Why Crypto is not the Solution to Financial Inclusion

Why Crypto is not the Solution to Financial Inclusion

By William Pierre-Louis, Jr.

While cryptocurrency advocates present it as a means to financial inclusion, critics see so many false promises and shortcomings as to call into question the value of an innovation that its backers constantly call “revolutionary.” The recent collapse in cryptocurrency markets, and the impact on communities of color, have only highlighted the importance of skepticism.

Americans for Financial Reform and the Take on Wall Street campaign gathered several experts on July 1 to lay out the multiple ugly truths about crypto and addressed a few reasons why we should not take the promises made by its most enthusiastic advocates at face value, and why regulators need to use the authority they already have to oversee this market.

Crypto preaches financial inclusion outside of the realm of regulated financial services. Its advocates argue that they don’t – or can’t – operate by existing rules to make money. This foundational myth of cryptocurrency has attracted people of color, who have long been denied equal access to other approaches to building wealth, like home ownership or financial assets.

But crypto also offers none of the protective measures that apply to other financial products, as David Golumbia, associate professor at Virginia Commonwealth University, pointed out. “The entire premise of cryptocurrency is that we don’t need public assets, we don’t need regulation,” he said. “We need to exist outside of these systems in order to profit.” 

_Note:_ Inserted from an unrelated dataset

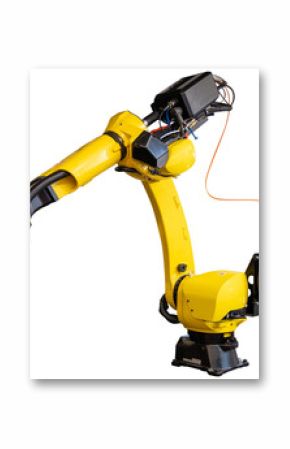 Isolated yellow automatic welding robot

Crypto also blatantly violates many of the rules and regulations you see in the stock market via an old, well-known method called the pump and dump scheme. “All the trading strategies that are against the rules in real or well-regulated markets in the U.S. are just rampant in cryptocurrency,”  Golumbia added. 

The crypto industry also lures people with a language that promises riches out of proportion to what it can plausibly deliver, as Dr. Darrick Hamilton, Henry Cohen Professor of Economics and Urban Policy at The New School, described it. “It’s a low barrier to entry with a promise of high returns,” Hamilton said. “[The industry] preys on people’s desire to make something of themselves.”

Crypto uses a seductive but ultimately empty slogan: “democratization of finance.” 

“When they use words like the democratization of finance, they are not talking about what would qualify as such, meaning participating in well-regulated markets and banks, and credit unions that are insured, that have low fees and are available to everyone,” Golumbia argued. 

A University of Chicago poll indicates that nearly 44 percent of the Americans who own crypto are people of color. And in reality, this population is now engaged in speculation, not investment. “It is not a tangible asset, but rather one that is a store of value that people are drawn to with the expectation that one can arbitrage the market and attain additional value because more interest is driven in that particular currency,” said Hamilton.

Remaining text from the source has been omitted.